_Given entries_:
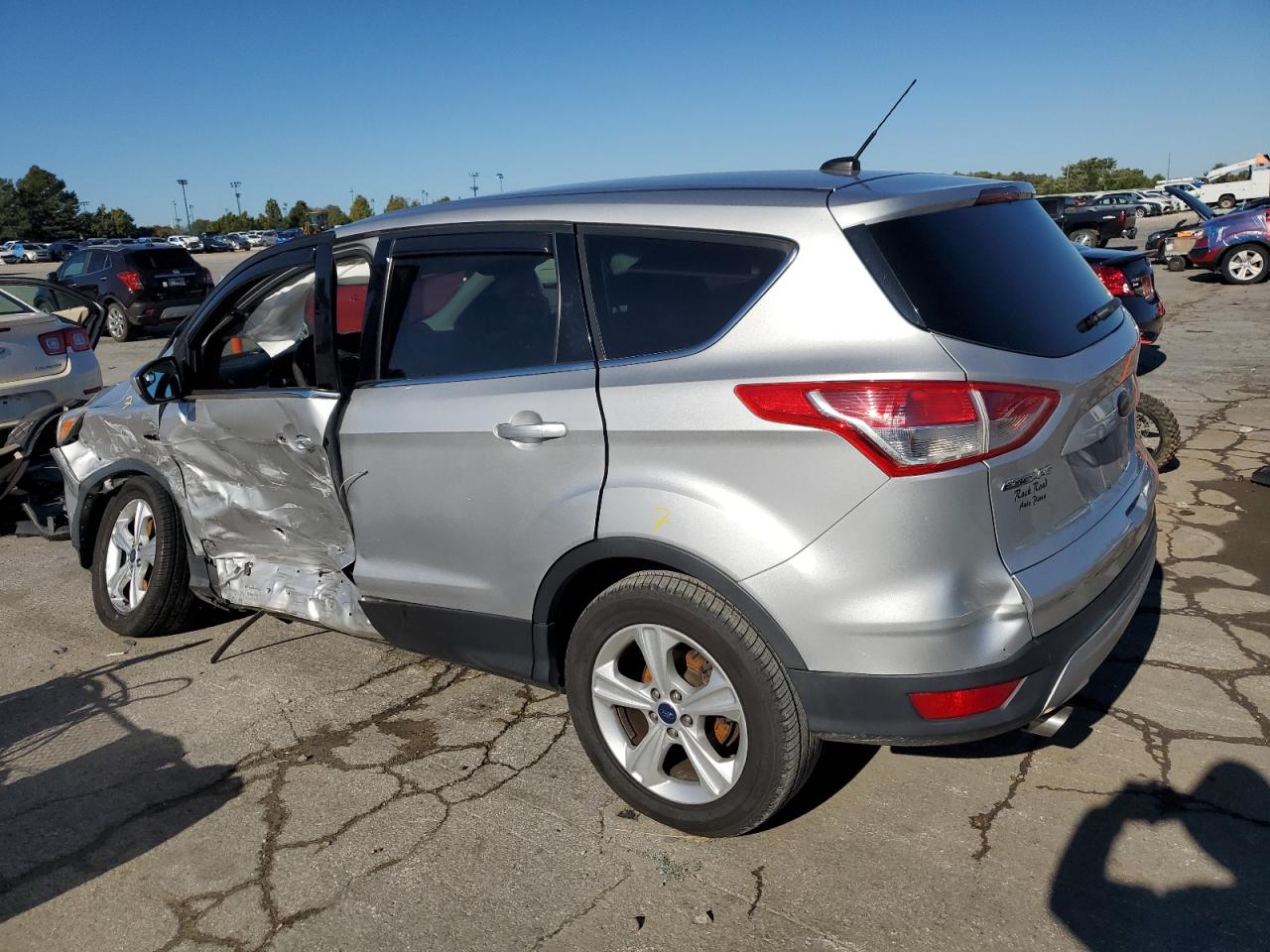 FORD ESCAPE SE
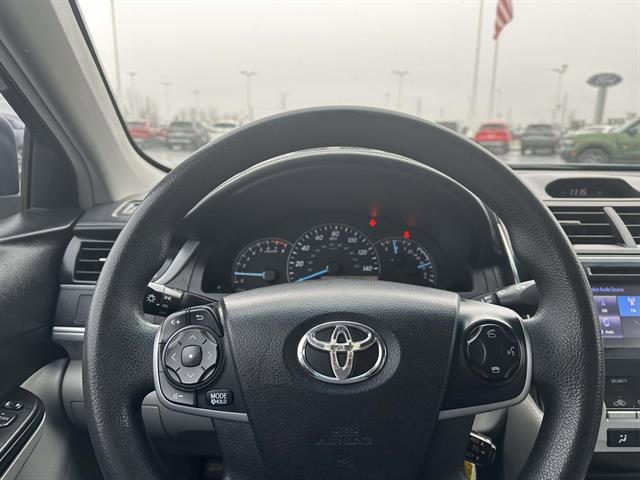 Used 2014 Toyota Camry L image 17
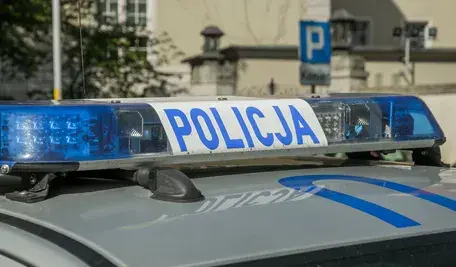 Na warszawskim Bemowie mężczyzna przez blisko 20 godzin groził, że wyskoczy z okna, zanim policji udało się go skłonić do powrotu do mieszkania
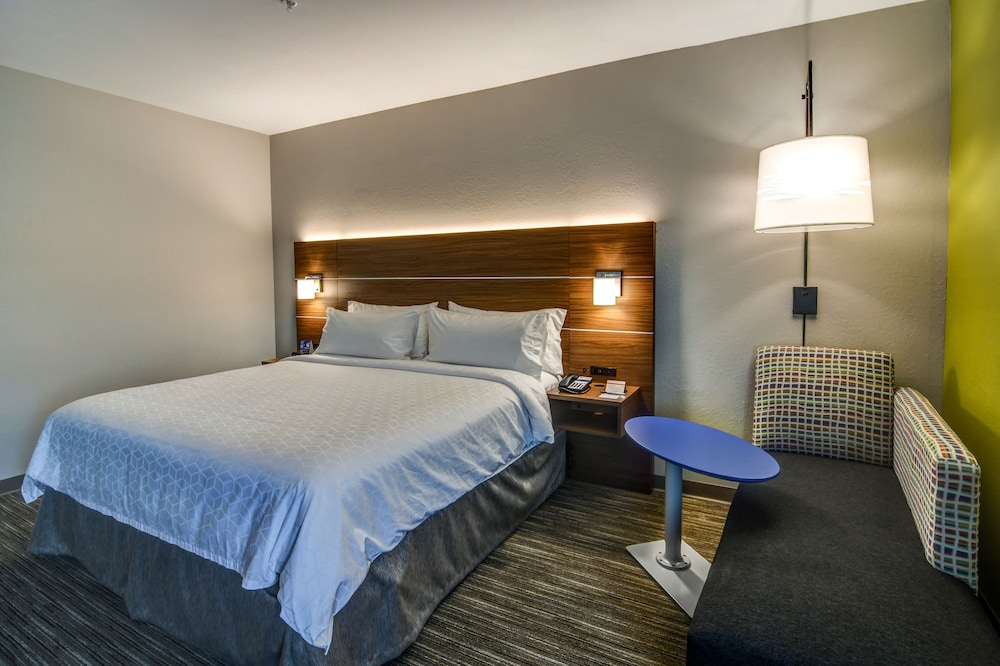 HOLIDAY INN EXPRESS FORT WALTON BEACH CENTRAL 23/47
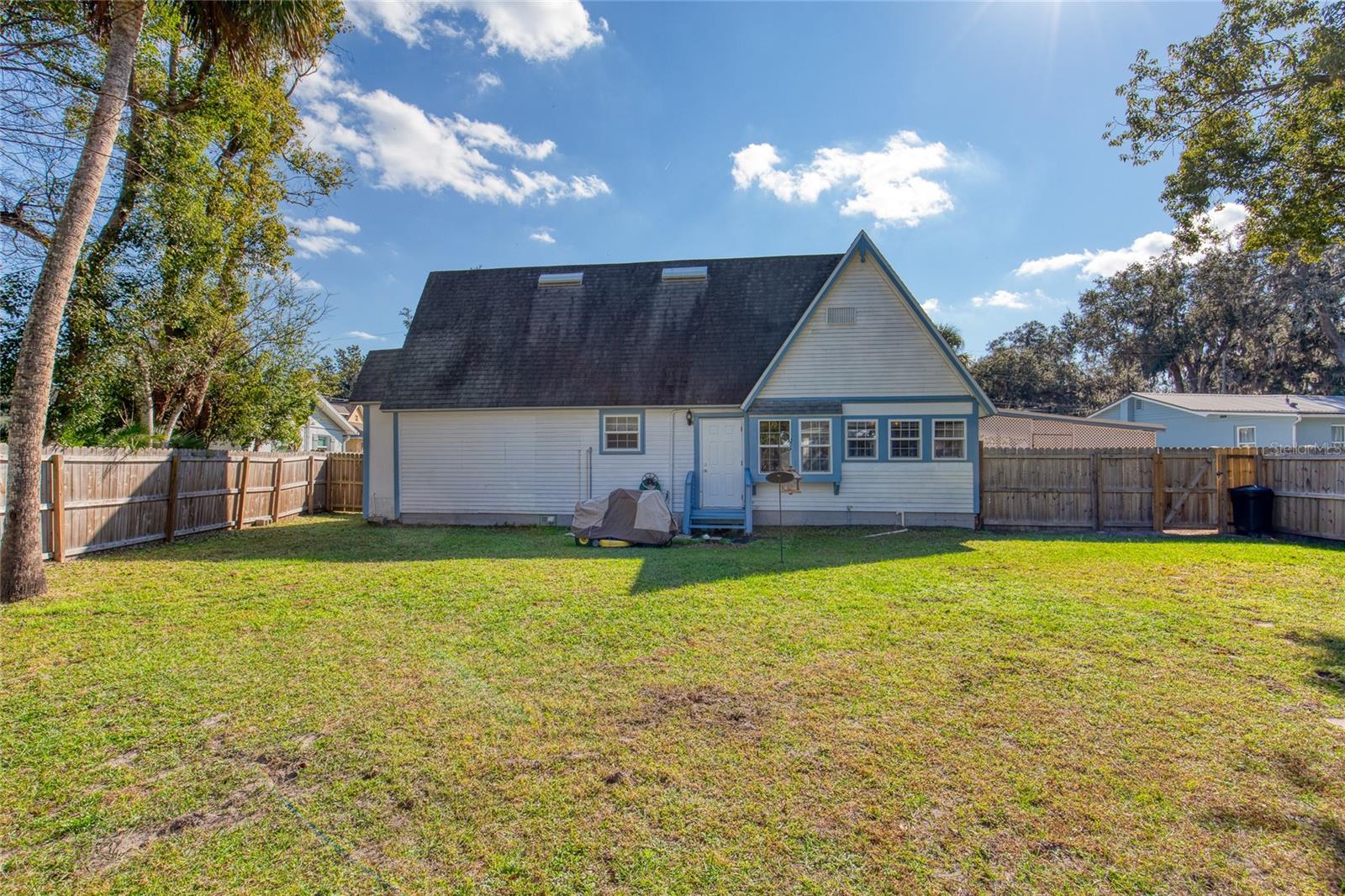 Image 34 of 54 For 8 Magnolia Avenue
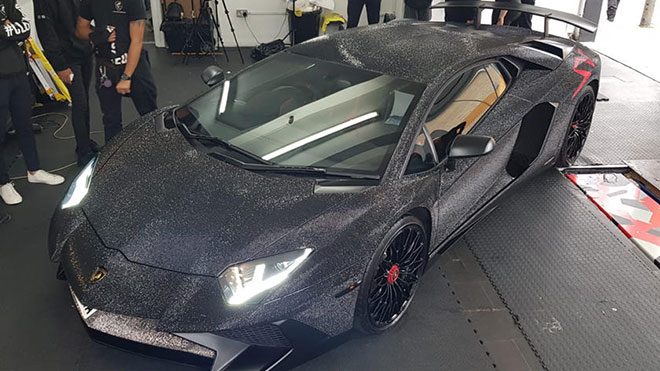 Lamborghini Aventador SV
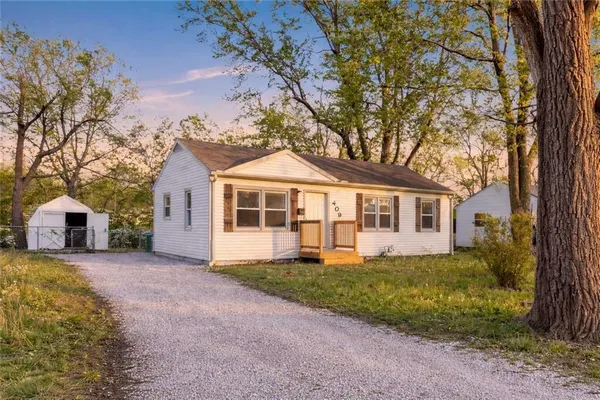 $209,000 | 409 Robie Drive, Belton, MO 64012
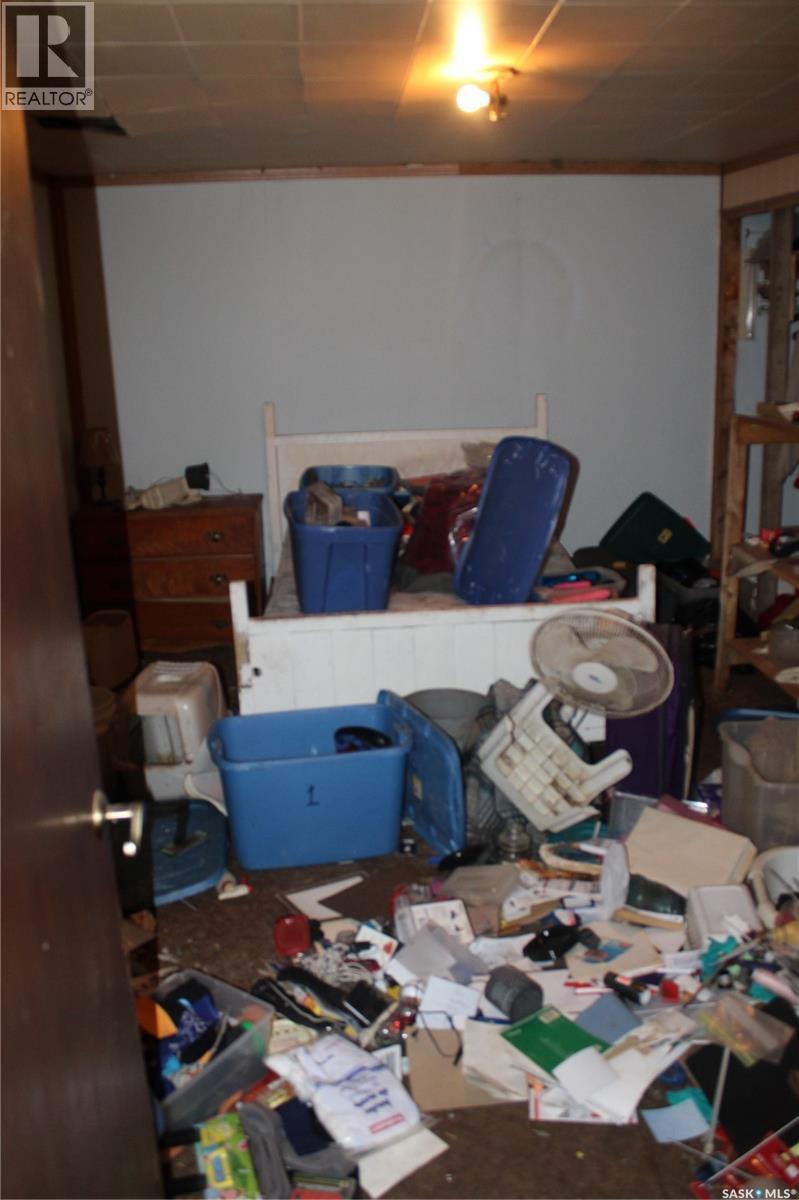 407 1st Avenue, Gerald, Saskatchewan  S0A 1B0 - Photo 13 - SK033525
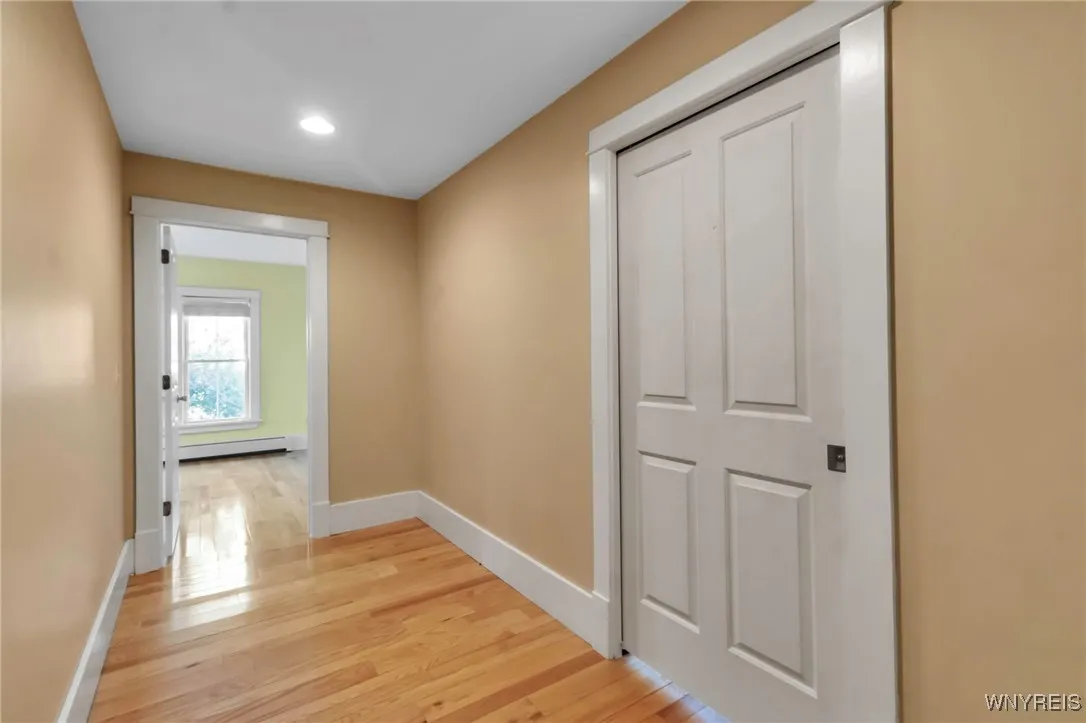 260 South Grove Street, Aurora, New York 14052, Aurora, New York 14052, 4 Bedrooms Bedrooms, 8 Rooms Rooms,2 BathroomsBathrooms,Residential,Closed,260 South Grove Street, Aurora, New York 14052,0,B1606390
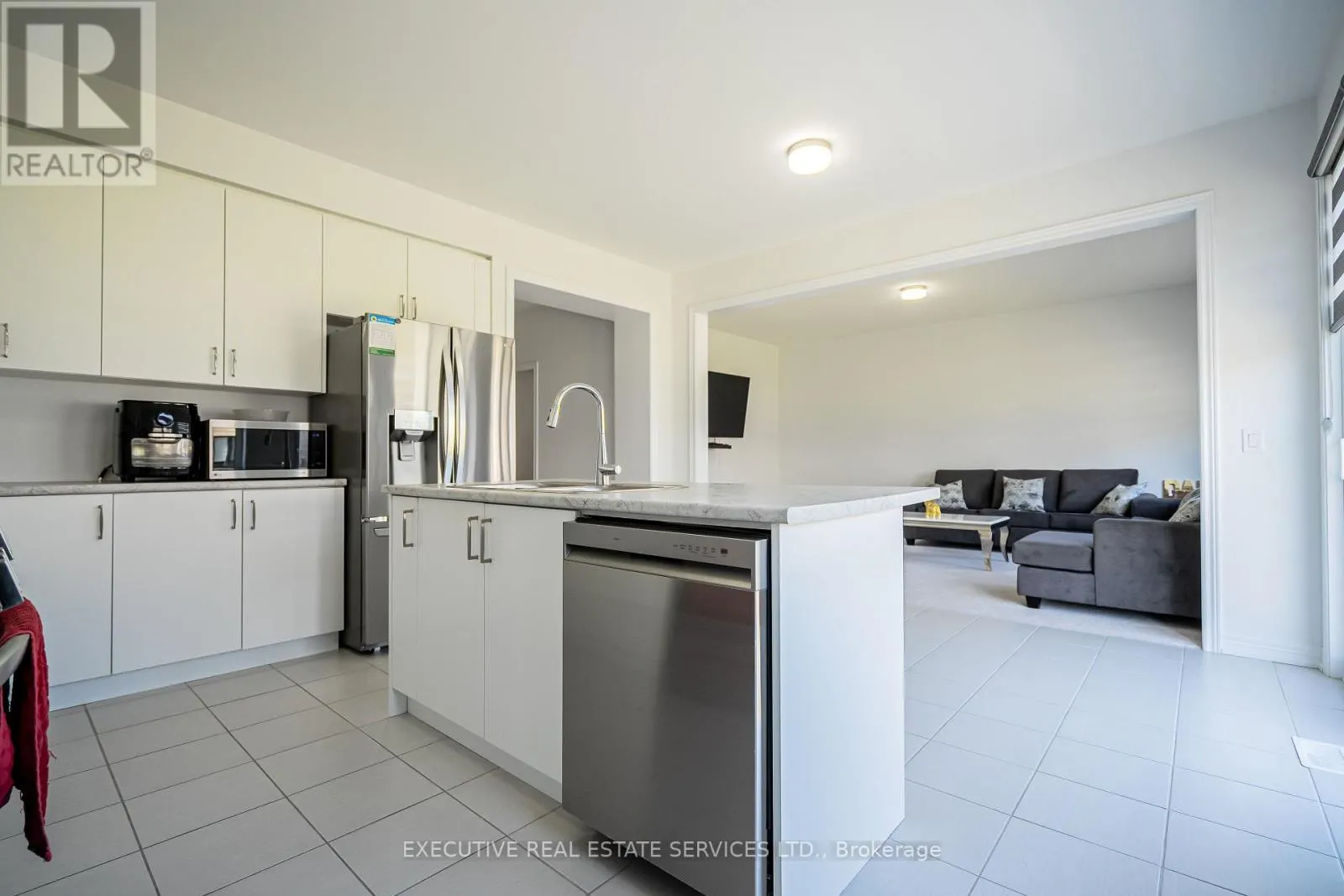 283 REA DRIVE N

_Problem details_:
Retype only the lines that run from the first line of the entries above to the line containing "HOLIDAY INN EXPRESS", both included. Do not carry over any pictures.

_Solution to this exercise_:
 FORD ESCAPE SE
 Used 2014 Toyota Camry L image 17
 Na warszawskim Bemowie mężczyzna przez blisko 20 godzin groził, że wyskoczy z okna, zanim policji udało się go skłonić do powrotu do mieszkania
 HOLIDAY INN EXPRESS FORT WALTON BEACH CENTRAL 23/47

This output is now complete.